[PROVIDED INFORMATION]
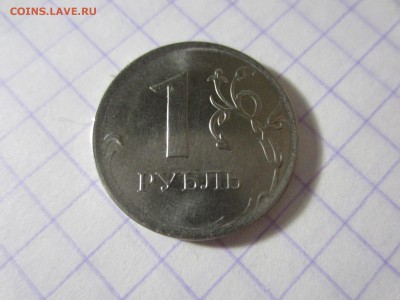 Брак на российских монетах. 10 монет. - IMG_9895.JPG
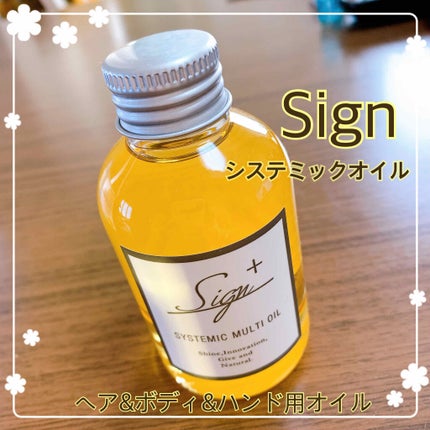 システミックオイル/Sign/ヘアオイルを使ったクチコミ(1枚目)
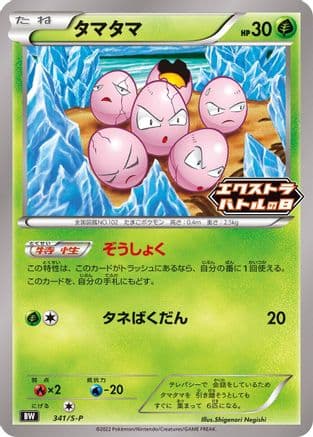 Exeggcute - 341/S-P (341/S-P) (Japanese) - SP Sword Shield Promos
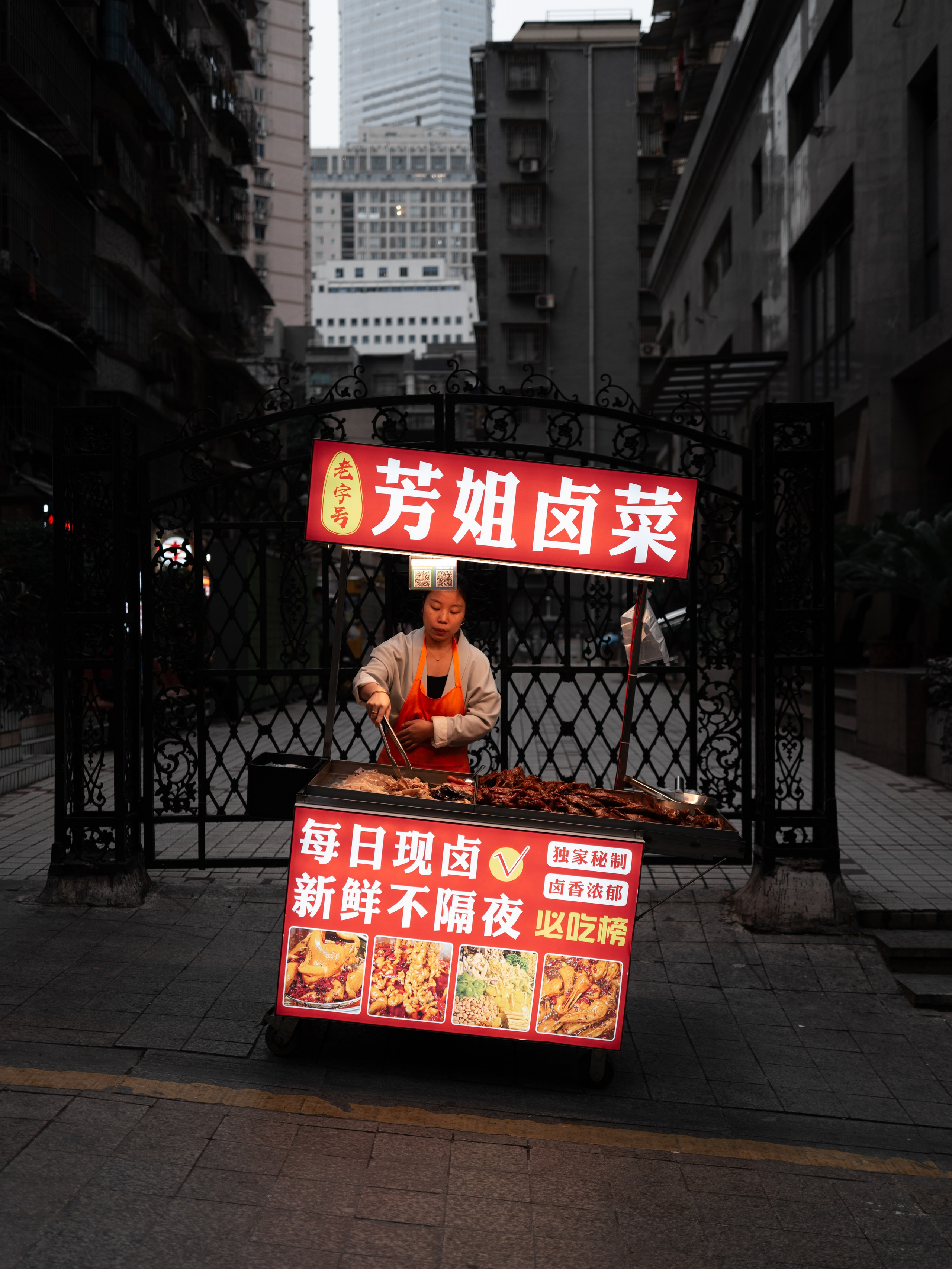 China/Китай. @tomrus: Рустам Шагиморданов — фотограф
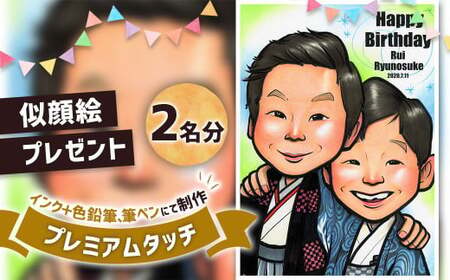 似顔絵プレゼント【プレミアムタッチ(インク＋色鉛筆)】2名分 似顔絵 絵画 ギフト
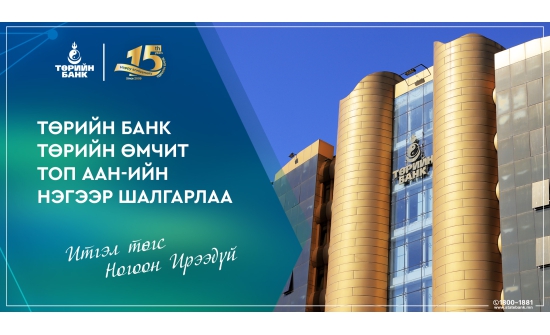 Төрийн банк төрийн өмчит топ ААН-үүдийн нэгээр шалгарлаа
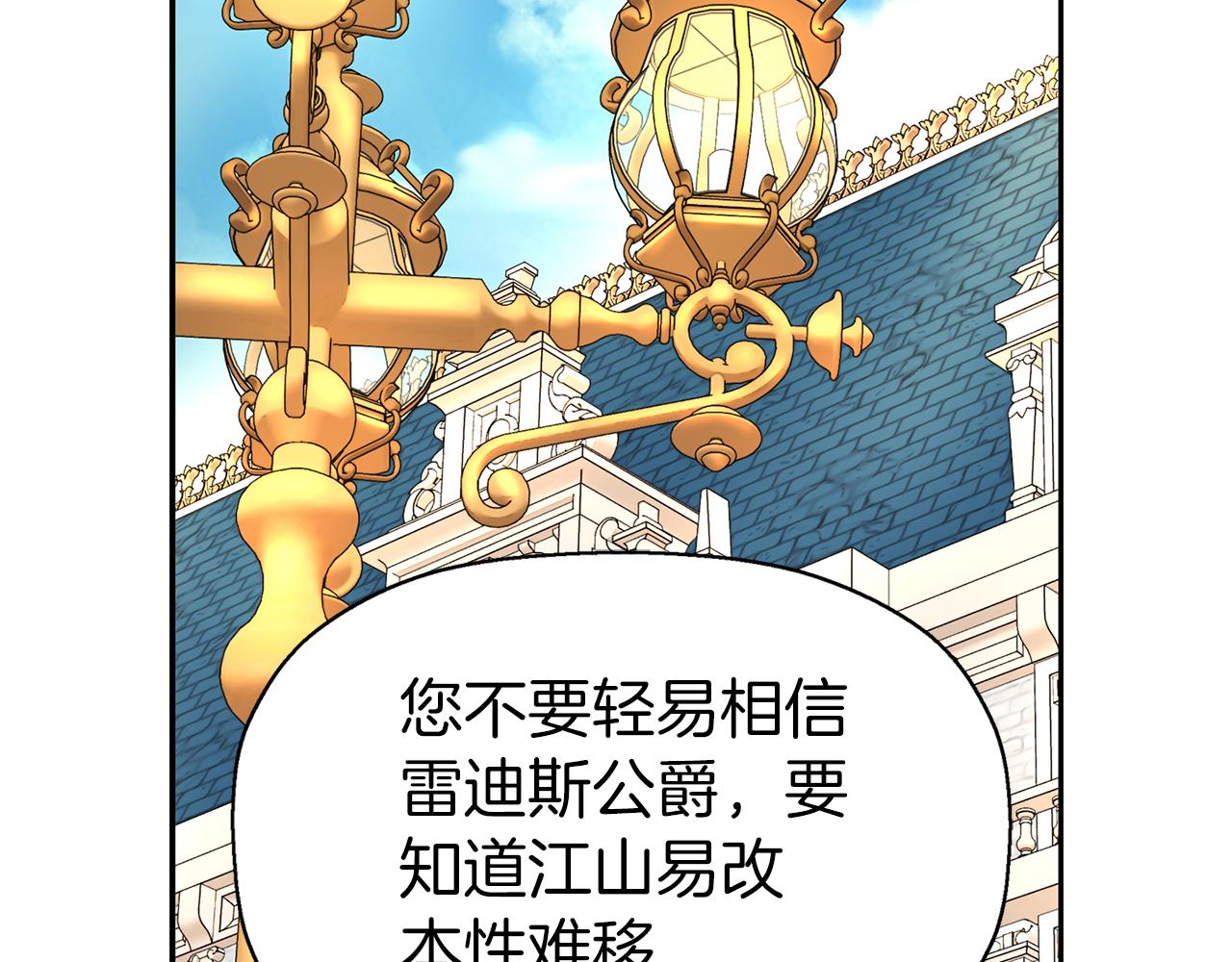 《杀手灵魂公主身》第38话 不许动 第35页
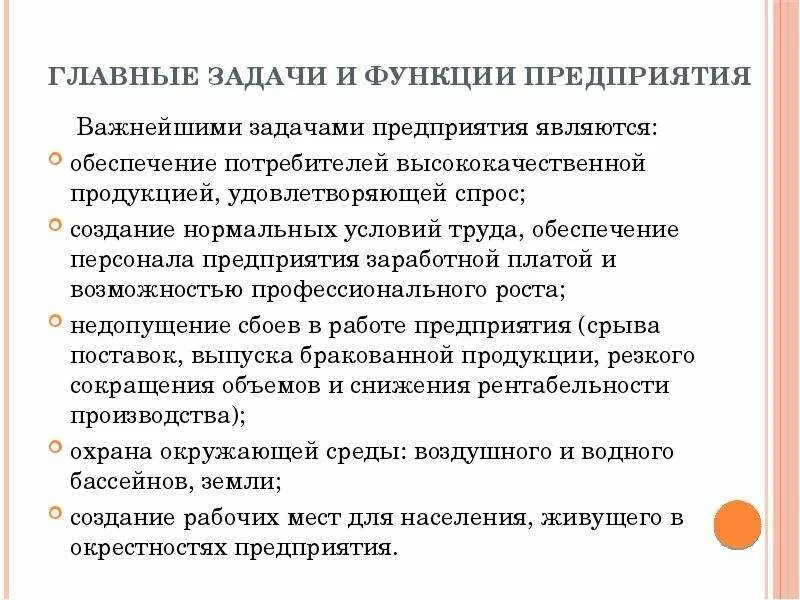 Изучение функций организации. Основные задачи и функции предприятия. Основными задачами функции организация являются. Основные задачи функции организации. Основные функции предприятия.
[/PROVIDED INFORMATION]
▶ **WORK TO BE COMPLETED**:
Please write out every entry exactly, but skip the pictures.

▶ **EXERCISE RESULT**:
 Брак на российских монетах. 10 монет. - IMG_9895.JPG
 システミックオイル/Sign/ヘアオイルを使ったクチコミ(1枚目)
 Exeggcute - 341/S-P (341/S-P) (Japanese) - SP Sword Shield Promos
 China/Китай. @tomrus: Рустам Шагиморданов — фотограф
 似顔絵プレゼント【プレミアムタッチ(インク＋色鉛筆)】2名分 似顔絵 絵画 ギフト
 Төрийн банк төрийн өмчит топ ААН-үүдийн нэгээр шалгарлаа
 《杀手灵魂公主身》第38话 不许动 第35页
 Изучение функций организации. Основные задачи и функции предприятия. Основными задачами функции организация являются. Основные задачи функции организации. Основные функции предприятия.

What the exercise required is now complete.